La Yam est également la meilleure freineuse de notre test. Elle est la seule à disposer d’un double disque à l’avant, 282mm de diamètre avec étriers 4 pistons, qui offre un freinage incisif sans être brutal.
XSR polyvalente
Le bloc compteur, rond et entièrement digital, affiche les informations (certaines utiles et d’autres moins, comme la consommation instantanée) de manière lisible. On peut toutefois regretter que la commande soit placée sur le compteur et pas sur la poignée.
Enfin, le confort et la polyvalence sont aussi au rendez-vous: la XSR 700 se savoure autant en ville que sur les routes de montagne, et (dans une certaine mesure) sur autoroute. En plus – argument ô combien trivial, mais qui nous concerne tous, pauvres mortels que nous sommes – son prix (8520.- francs) est sensiblement inférieur à celui de ses deux rivales.
Toy Story sauce bolognaise
Avec la Ducati, on change de répertoire. Sous ses faux airs de jouet, le Scrambler italien néorétro affiche une désinvolture qui contraste avec ses performances et invite à l’exubérance et à l’amusement. Cela commence dès qu’on prend place sur l’engin: la forme du réservoir et la selle étroite la rendent très facile à prendre en main, y compris pour les petits gabarits.
Le guidon large et placé relativement haut offre une parfaite tenue.
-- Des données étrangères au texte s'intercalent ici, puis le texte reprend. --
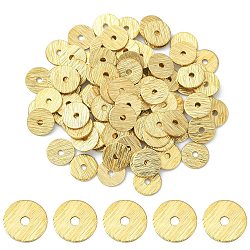 Brass Spacer Beads, Long-Lasting Plated, Heishi Beads, Flat Round/Disc, Golden, 6x0.5mm, Hole: 1.2mm(KK-YW0001-46)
En revanche, la position buste relevé, bras écartés et l’absence de toute protection transforment vite les trajets sur l’asphalte tarifé en épreuve d’endurance. Mais bon, ce n’est clairement pas sur ce terrain que la belle aime s’ébrouer.
Les ingénieurs de Borgo Panigale ont affublé le Scrambler d’un bloc Desmodue refroidi par air dérivé de la Monster 796, dont la puissance a été ramenée à 75 chevaux (-12 par rapport à l’original). La sonorité est grave et onctueuse, mais le twin transalpin a tendance à cogner à bas régime, surtout quand il n’est pas encore monté en température.
Ce qui frappe quand on passe les premiers rapports, c’est la brutalité de la réponse à l’ouverture (et à la coupure) des gaz, en décalage avec la sympathique image « bobo-fun » que véhicule la néo rétro bolognaise. Dotée du même rapport poids/puissance que la Yam, l’Italienne est cependant moins évidente que la Japonaise à piloter, en raison de sa position moins portée sur l’avant.
Le point de gravité bas et le comportement irréprochable de la partie-cycle confèrent à la Ducati un caractère joueur indéniable en mode grimpette.
Moto joueuse
Ancré au sol, on se sent rapidement en confiance, et tout à son euphorie, on a tendance à oublier les lois élémentaires de la physique au moment de basculer d’un bord à l’autre dans des virages rapprochés.
Vous l’aurez compris, le jouet n’est pas à mettre entre toutes les mains. Le freinage, assuré à l’avant par un imposant disque de 330mm doté d’un étrier à montage radial Brembo 4 pistons, est d’une efficacité et d’une progressivité exemplaires.
Mais la Duc n’est pas dépourvue de défauts. Le plus perturbant est le caractère capricieux de la transmission: le manque de franchise en changeant de rapport se traduit par un faux point mort, qui peut s’avérer fort gênant en conduite sportive. L’étagement de la boîte permet cependant d’exploiter les deux derniers rapports relativement tôt et de profiter de la balade en mode cruiser.
Les commandes ont quelque peu laissé à désirer: le démarreur n’est déjà pas évident à actionner avec des gants d’été, on ose à peine imaginer en hiver; le clignotant n’a quasiment pas de retour, forçant à vérifier après coup si on l’a bien désactivé; enfin l’électronique nous a semblé très peu intuitive.
La consommation mesurée en revanche a plaidé en faveur de la Duc: 4,0 litres à peine mesurés pour 100 km. La Triumph a siroté quelque 4,3 litres sur la même distance, alors que la Yam, qui a pourtant le plus petit moulin, s’est montrée la plus gourmande, avec 4,7 litres. Vous avez dit arsouille?